Ask your DM, but it is strongly implied that you could not
Disarm is an optional rule, so you first need to know whether your DM will even allow it. If so, it would also be their call whether you could use a stunning strike on a Disarm attack.
The first step in making an attack is:
1. Choose a target. Pick a target within your attack's range: a creature, an object, or a location.
In looking at the game text, Disarm says (emphases mine):
A creature can use a weapon attack to knock a weapon or another item from a target's grasp. The attacker makes an attack roll contested by the target's Strength (Athletics) check or Dexterity (Acrobatics) check. If the attacker wins the contest, the attack causes no damage or other ill effect, but the defender drops the item.
Although it is not explicitly stated, it is strongly implied here that your actual attack targets the opponent's weapon, not the opponent1. For one thing, the opponent's AC never enters the contest, presumably because you are attacking their weapon, not them. If you needed to strike or damage your opponent, that should get harder the better AC they have, but for your Disarm attempt, their AC is irrelevant.

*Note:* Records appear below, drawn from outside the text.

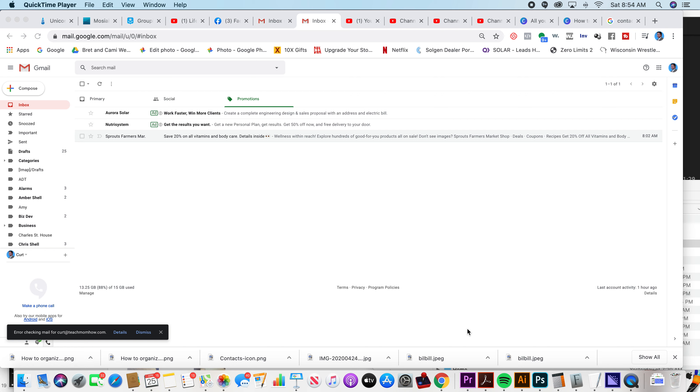If you're like me, your Gmail account gets bombarded with spam. I'm going to show you a couple easy ways to get rid of these.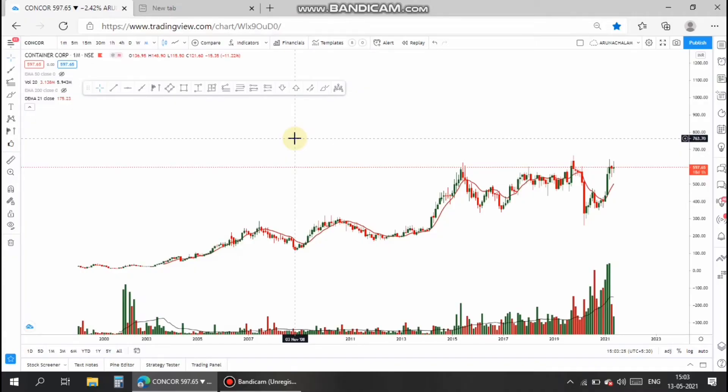Hi, this is Arna Shulam. Today let us analyze the stock of Container Corporation of India Limited. This company belongs to the logistics sector and is a central government of India company.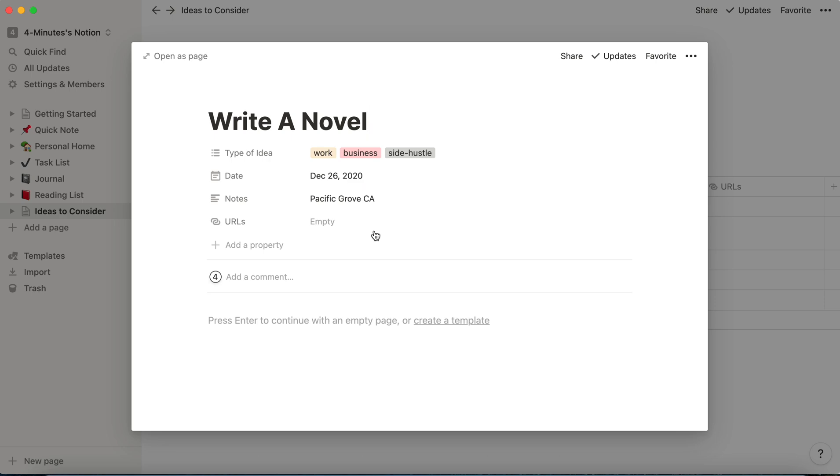So now you know those two ways to add information, how to move rows and how to delete items of your database and how powerful pages can be.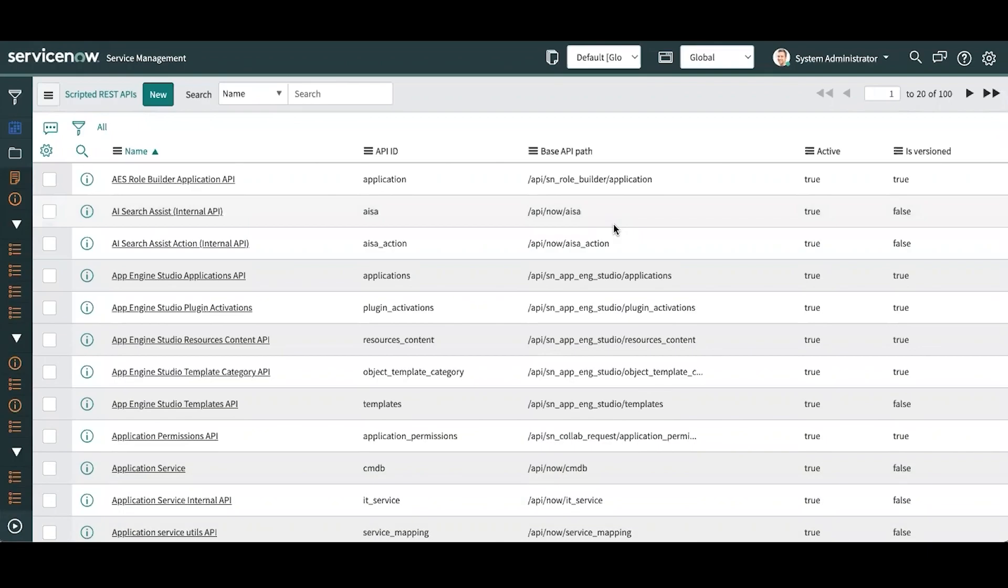Today we're going to talk about scripted REST APIs. So what I have up here in my PDI is the scripted REST API table. A scripted REST API is basically a web service that you can build and configure to allow external systems to talk to ServiceNow.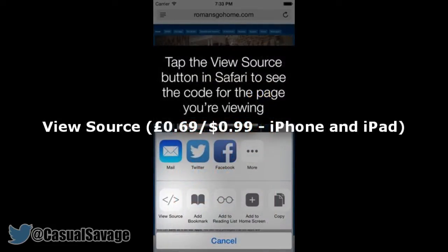Now we've got ViewSource which is 69p or 99 cents. As is once again made clear by the name, this extension brings a common desktop feature to Safari's collection. You can view the HTML, the JavaScript and CSS source of any page.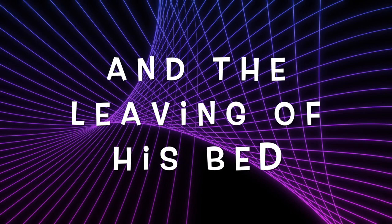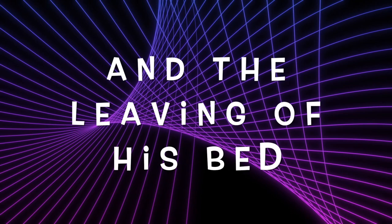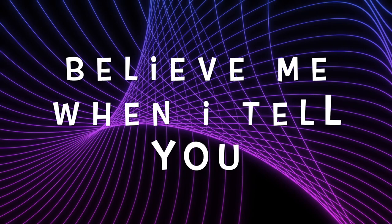Cause I believe in Jesus, that his power is real. Believe me when I tell you it's a power that you can feel.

Stunning strike, on the other hand, must be accomplished through an attack on the opponent itself (emphasis mine):
When you hit another creature with a melee weapon attack
Although Disarm does not explicitly tell us what the target of its attack roll is, it seems likely that it is the opponent's weapon. Thus you would not be fulfilling the requirement of stunning strike that you hit the creature itself.
However, you are monk and do have a surfeit of attacks compared to other characters. You might even have one or both hands free. Once you have disarmed the opponent, scoop up their weapon with your free hand as a free object interaction and then carry or throw it2 far from where they can retrieve it; then make another attack to stun a different opponent. You will need to spend more actions, but at least you will interfere with two opponents rather than one.
1Anecdotally, of all the weapon-removal techniques I have practiced (usually against knife, occasionally against handgun, staff, or sword) the disarming is seldom accomplished through damaging the opponent, but much more often through manipulating the weapon itself or their grip on it. Even when strikes are included in the technique, they are strikes to surprise or distract, not damage.
2Or, if you are lucky and their disarmed weapon counts as a ranged monk weapon, go ahead and throw it with your own attack.